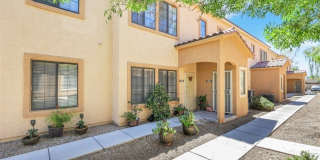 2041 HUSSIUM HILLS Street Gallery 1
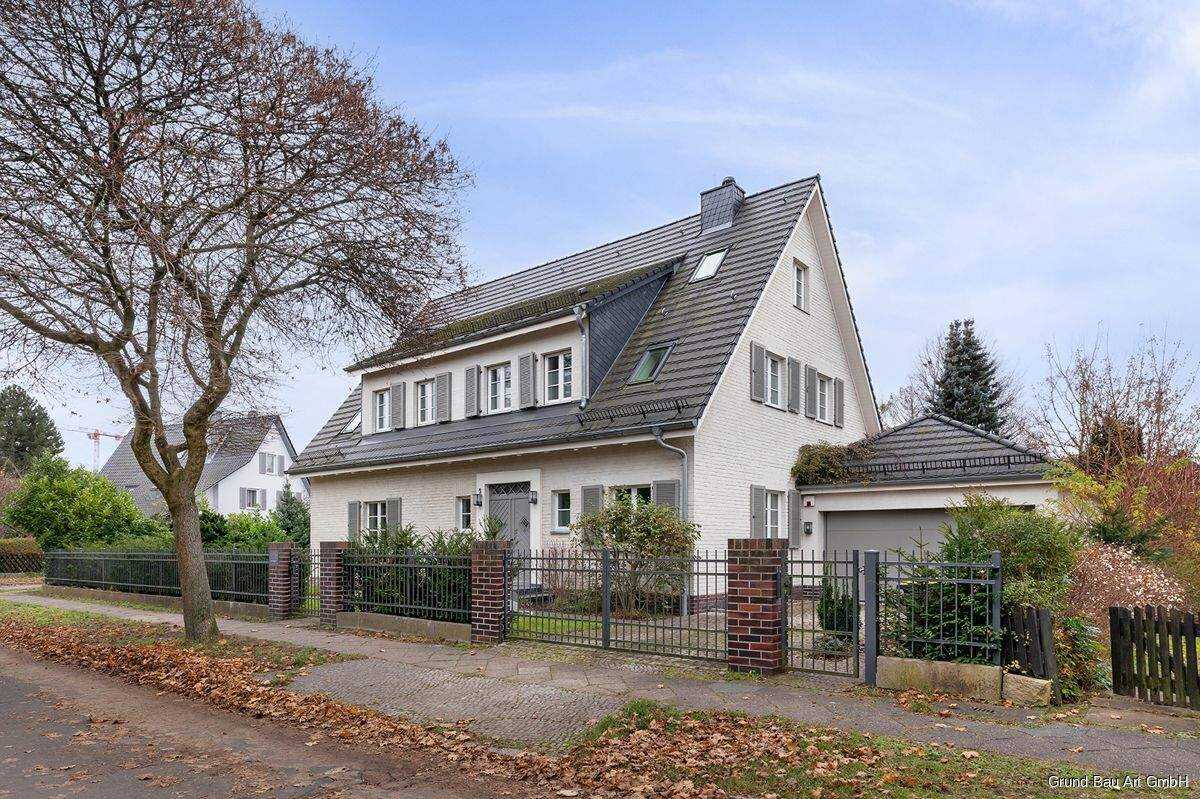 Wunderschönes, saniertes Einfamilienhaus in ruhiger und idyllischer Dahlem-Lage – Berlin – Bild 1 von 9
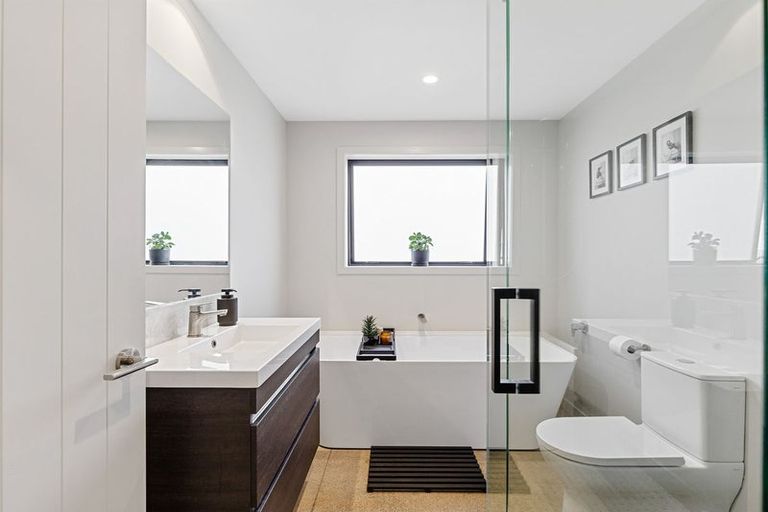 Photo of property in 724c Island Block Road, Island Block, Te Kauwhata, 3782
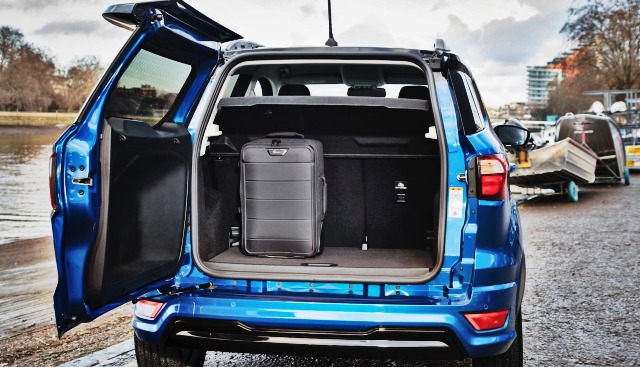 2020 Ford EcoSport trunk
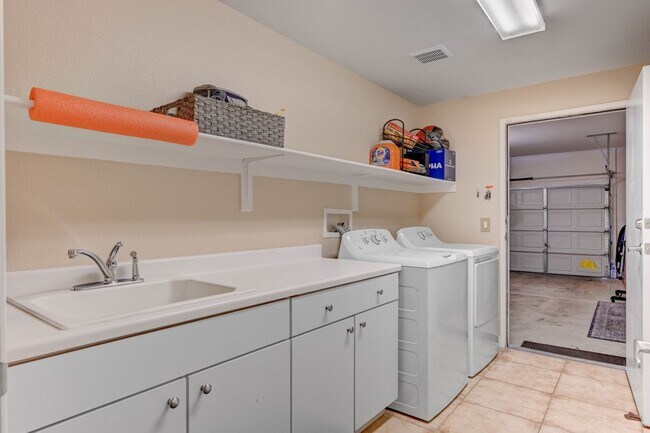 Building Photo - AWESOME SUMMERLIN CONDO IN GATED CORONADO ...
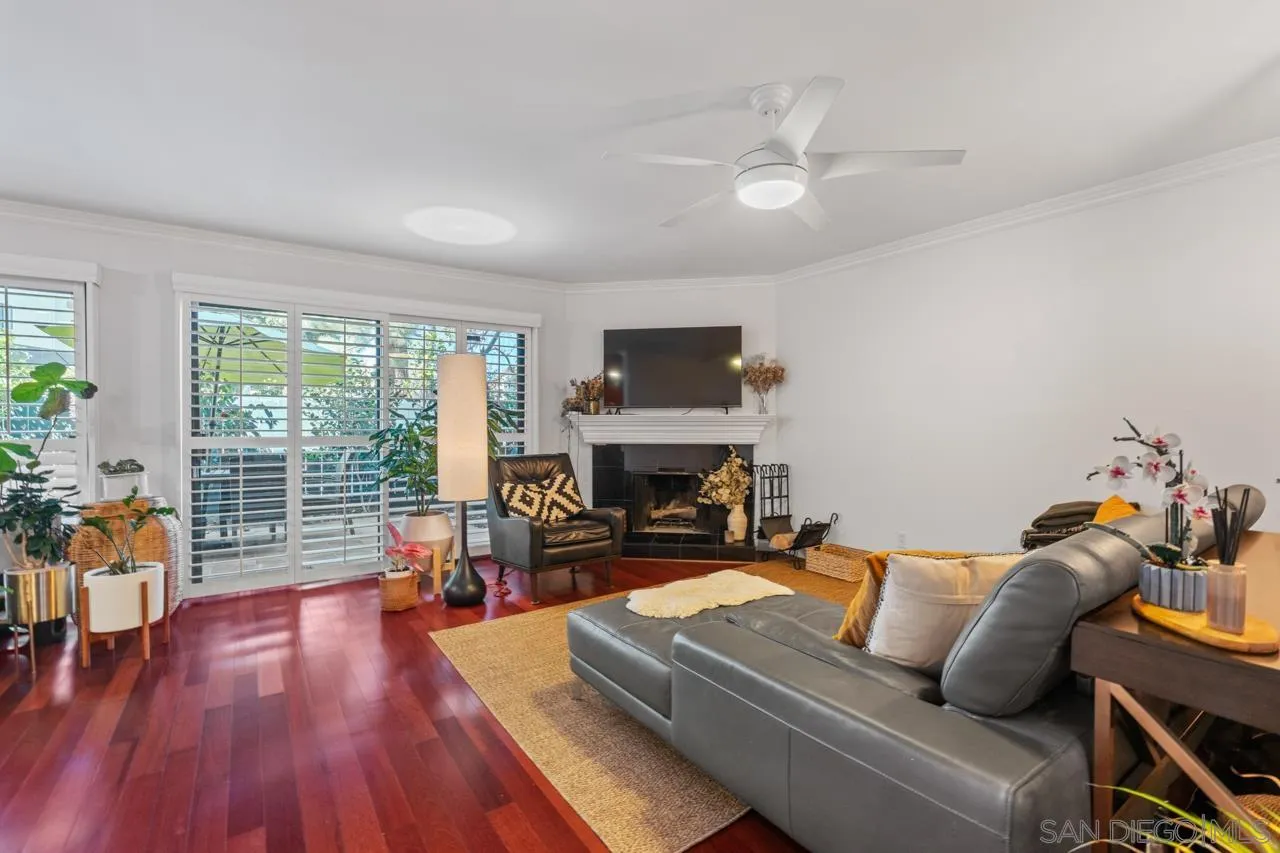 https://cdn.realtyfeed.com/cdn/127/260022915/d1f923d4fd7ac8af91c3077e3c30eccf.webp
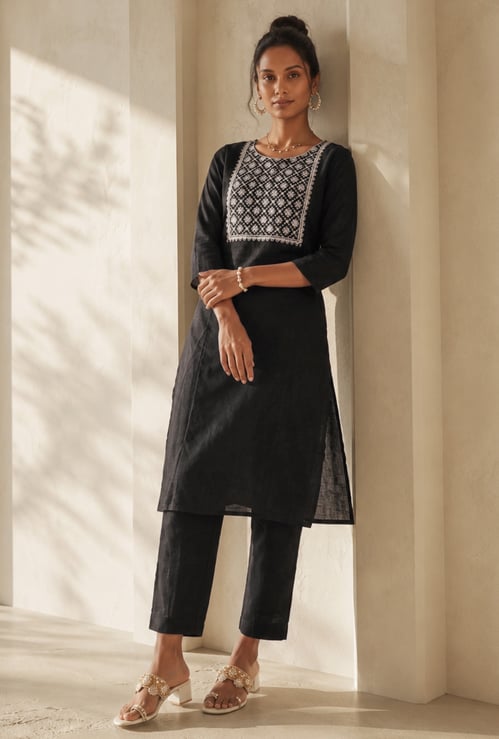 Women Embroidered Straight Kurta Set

• [Work task]
Only the lines from the one containing "2020 Ford EcoSport trunk" through the final line of the records should be retyped, exactly, with every picture omitted.

• [Answer to the problem]
 2020 Ford EcoSport trunk
 Building Photo - AWESOME SUMMERLIN CONDO IN GATED CORONADO ...
 https://cdn.realtyfeed.com/cdn/127/260022915/d1f923d4fd7ac8af91c3077e3c30eccf.webp
 Women Embroidered Straight Kurta Set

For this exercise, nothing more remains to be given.